1.

Explain the meaning of Income- Expenditure Account. Write the points to be considered for the preparation of it.

Answer»

Meaning: The account which is prepared by non-trading concerns at the end of the year to know the result (Surplus or Deficit) of the institution, is known as Income-Expenditure Account.

Explanation:

On the debit side of this account, current year’s revenue expenses and on the credit side current year’s revenue incomes are recorded. The non-cash transactions like bad debts, provision for doubtful debts, depreciation, etc. are also recorded in this account.
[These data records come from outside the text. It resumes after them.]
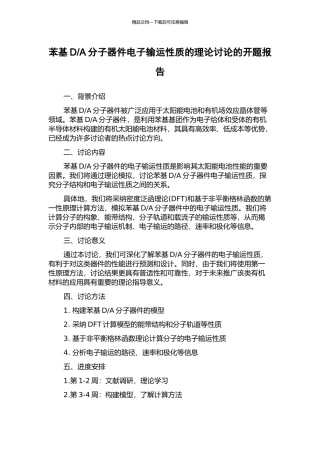 A分子器件电子输运性质的理论研究的开题报告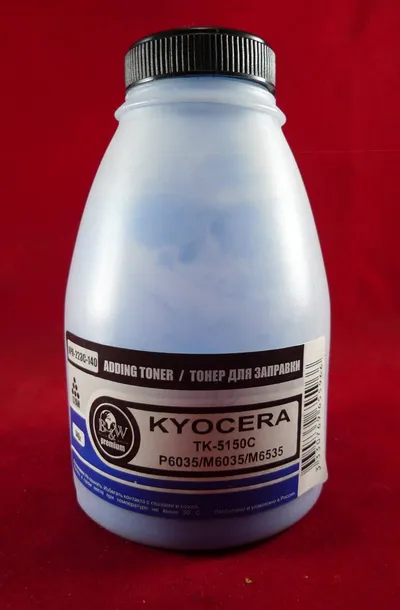 Тонер Black&White KPR-223C-140, для Kyocera TK-5150C Cyan, 140г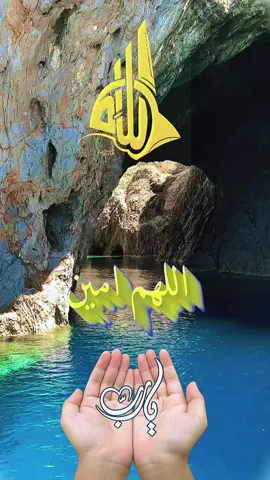 #آمين_يارب_العالمــــــين  #دعاء_للمريض_بالشفاء  #متابعه #اكسبلور  #تيك_توك  #لايك__explore___  #فولو🙏🏻لايك❤️اكسبلور🙏🏻🌹💫 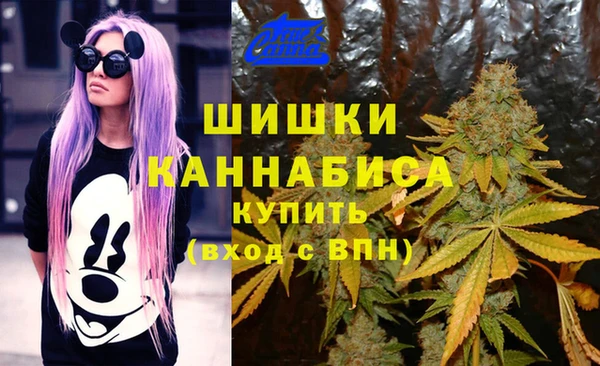 кокаин колумбия Нягань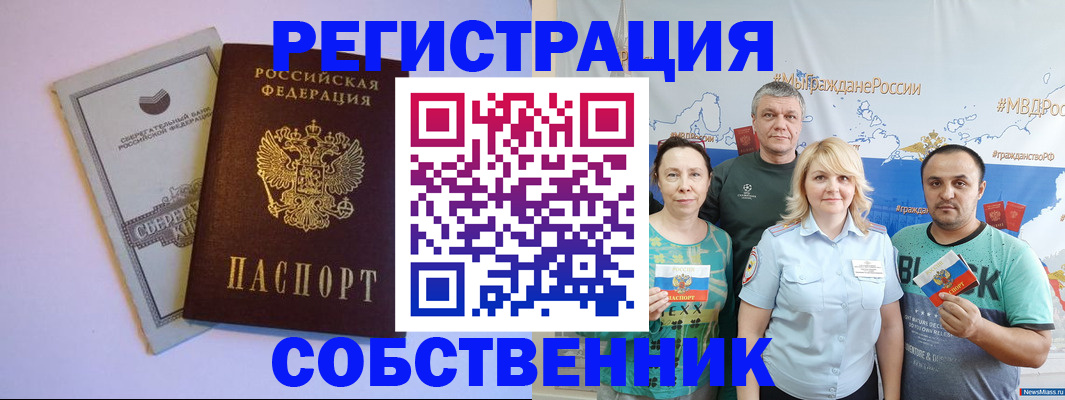 прописка для кредита в Железногорск-Илимском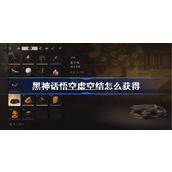 黑神话悟空虚空结怎么获得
The main purpose to prepare this account is to know whether the expenses incurred during the relevant year or time period, are within the rules and regulations.

Points to be kept in mind while preparing the Income-Expenditure Account:

  • Keep in mind the year for which the Income- Expenditure Account has to be prepared.
  • On the debit side of the Income-Expenditure Account, the current year’s revenue expenses are recorded.
  • On the credit side of the Income-Expenditure Account, the current year’s revenue incomes are recorded.
  • If the total of the credit side of the Income- Expenditure Account is more, then the difference is recorded on the debit side as ‘Excess of income over expenses (profit).’
  • If the total of the debit side of the Income- Expenditure Account is more then the difference is recorded on the credit side as ‘Excess of expenses over incomes (loss).’

Following particulars are not to be considered:

  • The opening and closing balances of Receipts-Payments Account.
  • All capital incomes and capital expenses.
  • Last year’s revenue income received in current year.
  • Revenue expenses of last year paid in current year.
  • Revenue income received for the next year in the current year.
  • Revenue expenses paid for the next year in the current year.

Following details to be considered (which are not shown in the receipts and payments accounts):

  • Depreciation, bad-debts reserve, provision for taxation, etc.
  • Current year’s outstanding income to be received and current year’s expenses to be paid.
  • Current year’s revenue income which was received in the last year and current year’s revenue expenses which was paid in the last year.